[[ SOURCE MATERIAL open ]]

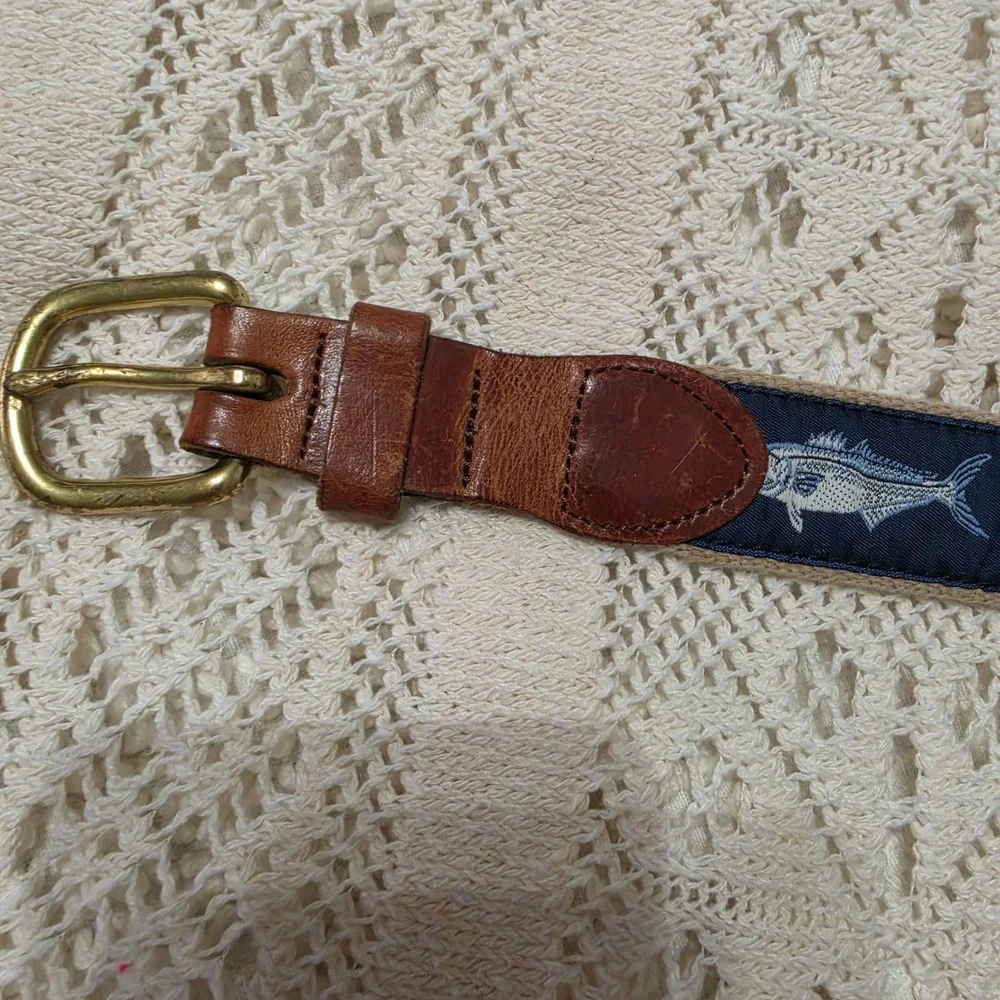Leather Man LTD Canvas Leather Fish Belt Little Boys Size 20 Fishing Buddy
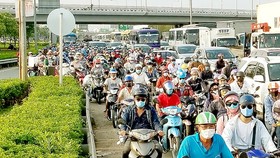 National Way No.13 near the Eastern Coach Station witnessed congestion when vehicles after vehicles were rushing back to HCMC. (Photo: SGGP)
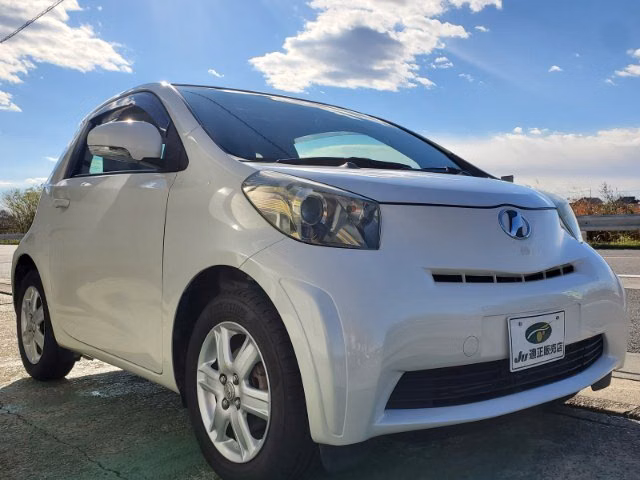 TOYOTA IQ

[[ SOURCE MATERIAL closed ]]

Your copy of the material above should be exact and free of pictures.

◆ YOUR RESPONSE:
Leather Man LTD Canvas Leather Fish Belt Little Boys Size 20 Fishing Buddy
 National Way No.13 near the Eastern Coach Station witnessed congestion when vehicles after vehicles were rushing back to HCMC. (Photo: SGGP)
 TOYOTA IQ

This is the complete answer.